Tex Perkins & Charlie Owens
Tex Perkins and Charlie Owens
Yarram Club Hotel
Friday 10 June 2016
$25
SO MUCH OLDER
There are certain things a person should have learnt by the time they get to my age: don’t have a beer after you’ve already been drinking champagne or red wine (and vice-versa), don’t stay out in the sun for more than 15 minutes without applying sunscreen, and make sure you’ve got a good excuse handy in case your partner discovers multiple entries for ‘Nicki Minaj’ and ‘yoga pants’ in your Google search history.
These tenets are universally understood and you’ve only got yourself to blame if you fail to observe them, irrespective of the fact that searching images of Nicky Minaj is quite legitimate for a music writer.
There are also social guidelines specific to living in Melbourne that you would expect someone of my vintage to have absorbed, never again to contravene. These include not contradicting Jon Faine on talkback radio (unless you’ve got half an hour to spare while he berates you on air), avoiding Punt Road when there is a game on at the G (actually, just avoid it at all times, even if that means never crossing the Yarra River again), and if you hear the sound of motorbikes as you’re leaving Kittens in the early hours of the morning, duck! Also, never try to leave town on the Friday afternoon of a long weekend.

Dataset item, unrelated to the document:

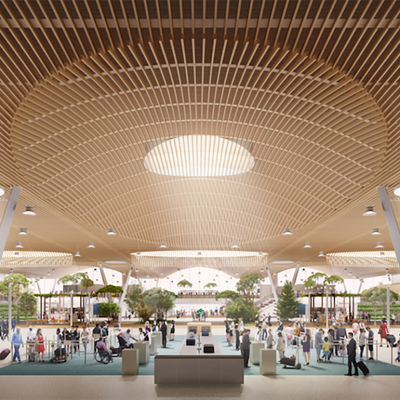 rendering of future PDX ticket lobby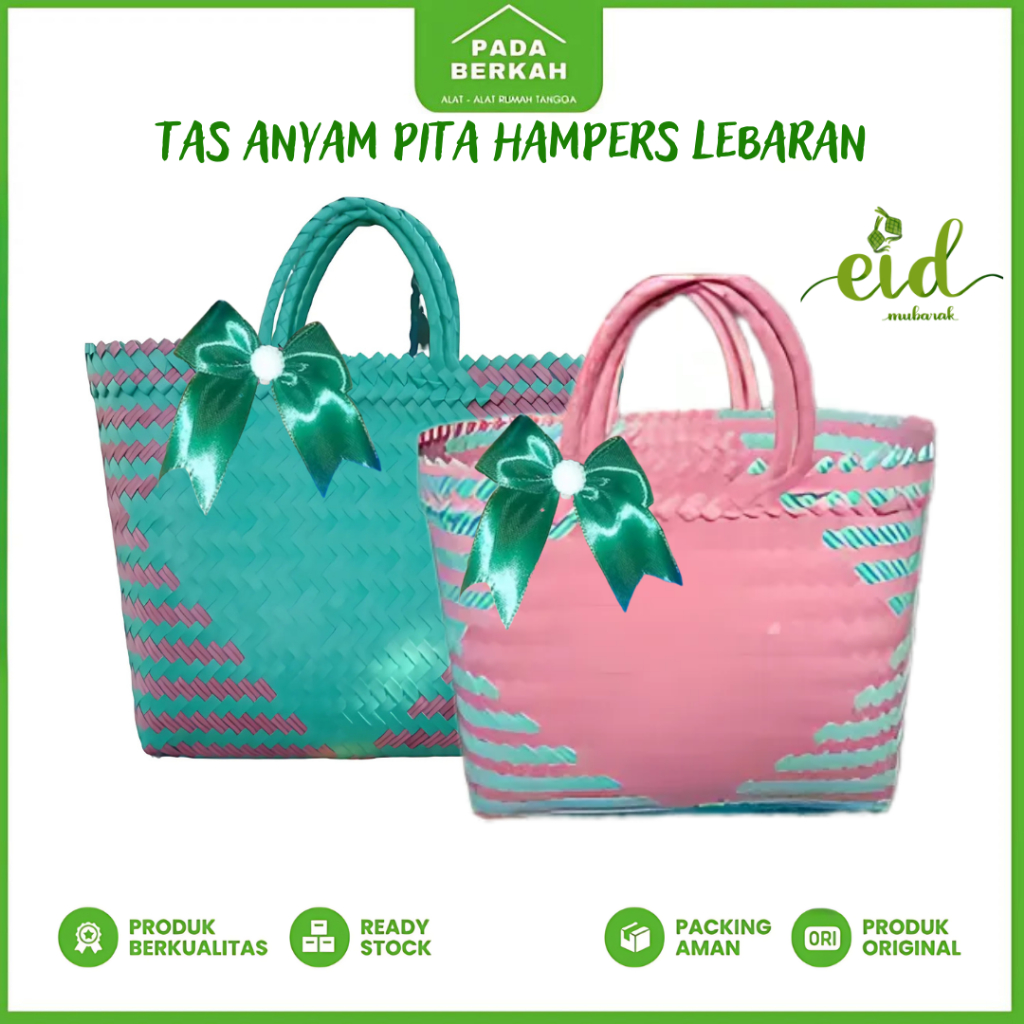 

HAMPERS LEBARAN Tas Anyaman Plastik Plus PITA / Tas Belanja Anyam Jinjing / Tas Hampers Parcel Souvenir Murah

My wife Angela and I were on our way to Yarram. Our friends Peter and Jess own and manage the Yarram Club Hotel in East Gippsland and Tex Perkins was playing there on Friday 10 June. It being my birthday we thought we would make the trip down for the weekend. It’s normally a pleasant three-hour drive taking in the beautiful pastoral countryside of Victoria’s dairy region, so we set off on Friday afternoon anticipating a pleasant drive though bucolic scenery.
Of course in our excitement none of us (my sister in law Kath and her kids were also driving down) realised that this was the Friday afternoon ahead of a long weekend for Monday’s Queen’s Birthday holiday. We therefore didn’t factor in the likely traffic gridlock of cars trying to leave Melbourne after school hours.
Driving between the goal posts on the Bolte Bridge was no slower than the usual sluggish crawl, so that was okay, and even the Monash freeway out past Chadstone and Mulgrave wasn’t too bad. As we reached Narre Warren however, we came to a sudden halt and remained in virtual stasis for the next couple of hours, inching along through Berwick, Pakenham and Na Na Goon in short, irritating lunges.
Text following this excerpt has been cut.